PRESIDENTE è d’avviso che il concetto dell’onorevole Pesenti non sia questo, ma che voglia riferirsi esclusivamente al preminente interesse nazionale, indipendentemente dal danno o dal pericolo. Ritiene pregiudizievole accettare il punto di vista dell’onorevole Assennato, in quanto, nella pratica attuazione, sarà estremamente difficile dimostrare che un’impresa presenti un pericolo di danno.

NOCE TERESA concorda col punto di vista del Presidente sulla necessità di considerare esclusivamente l’interesse nazionale e crede che sia proprio questo il pensiero dell’onorevole Pesenti. Quando l’impresa privata ha assunto certe forme che nell’interesse nazionale vanno circoscritte, lo Stato deve essere autorizzato ad assumere l’impresa. Questo concetto va affermato nella Carta costituzionale.

CANEVARI richiama l’attenzione della Sottocommissione sulla legislazione attuale e ricorda che sull’affermazione degli scopi del bene comune tante discussioni si sono fatte alla Camera – sia nelle Commissioni che in Assemblea plenaria – fin dal 1921 in occasione dell’esame del disegno di legge proposto dal Governo sulla trasformazione del latifondo e sulla colonizzazione interna.
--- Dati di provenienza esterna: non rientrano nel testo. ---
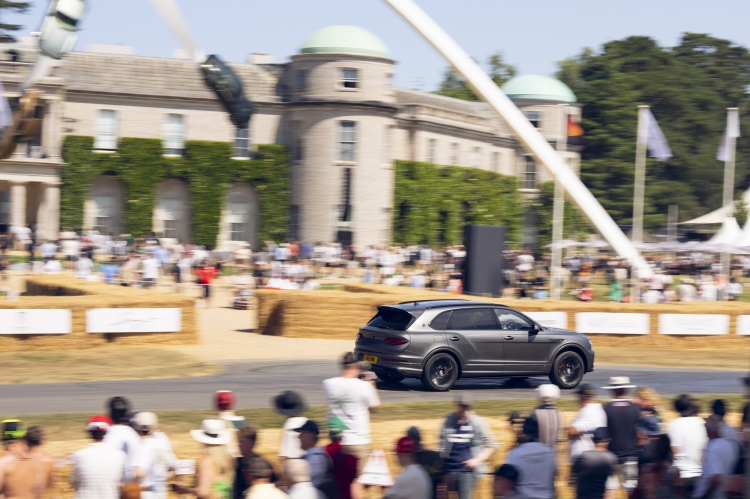batch_Day-2-3 Bentley อวดโฉมทัพยนตรกรรมกว่า 35 คัน พร้อมเปิดตัว 1919 Collection ในงาน Goodwood Festival of Speed 2026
Si arrivò allora ad una semplice e chiara dizione, cioè: «Per scopi di pubblica utilità e per ragioni di ordine sociale». Propone pertanto che l’ultimo comma proposto dall’onorevole Dominedò venga così modificato:

«Per scopi di pubblica utilità e per ragioni di ordine sociale la legge determina l’esercizio diretto o indiretto dell’impresa da parte dello Stato, di enti pubblici o di comunità di lavoratori e di utenti».

Si vedrà poi l’opportunità di aggiungere: «dietro pagamento di equo indennizzo, salvo diverse disposizioni».

COLITTO non crede che possa essere approvata la formula Pesenti, perché contempla solo l’impresa che nel suo sviluppo acquista carattere tale da diventare di preminente carattere nazionale e quindi non tiene conto delle esigenze e dei pericoli che sono sottolineati nella formula da lui stesso proposta d’accordo con l’onorevole Marinaro.

TAVIANI ritiene che un accordo si possa considerare raggiunto per quanto riguarda la parte analitica del comma Pesenti, cioè per i riferimenti ai servizi pubblici essenziali, alle situazioni di monopolio ed alle fonti di energia. Aggiunge di essere favorevole a considerare quest’ultima espressione «fonti di energia» e di ritenere superfluo con l’onorevole Dominedò accennare al concetto di «dimensioni rilevanti». Il punto di divergenza, a suo avviso, consiste nello stabilire il momento e nel valutare le condizioni obiettive che richiedono l’intervento dello Stato. Basta, cioè, un atto esecutorio della norma costituzionale, oppure è necessaria una legge? Ritiene che sia necessaria una legge, lasciando alla Costituzione il compito della dichiarazione di principio, anche abbastanza analitica e particolareggiata, soprattutto perché trattasi di materia nuova.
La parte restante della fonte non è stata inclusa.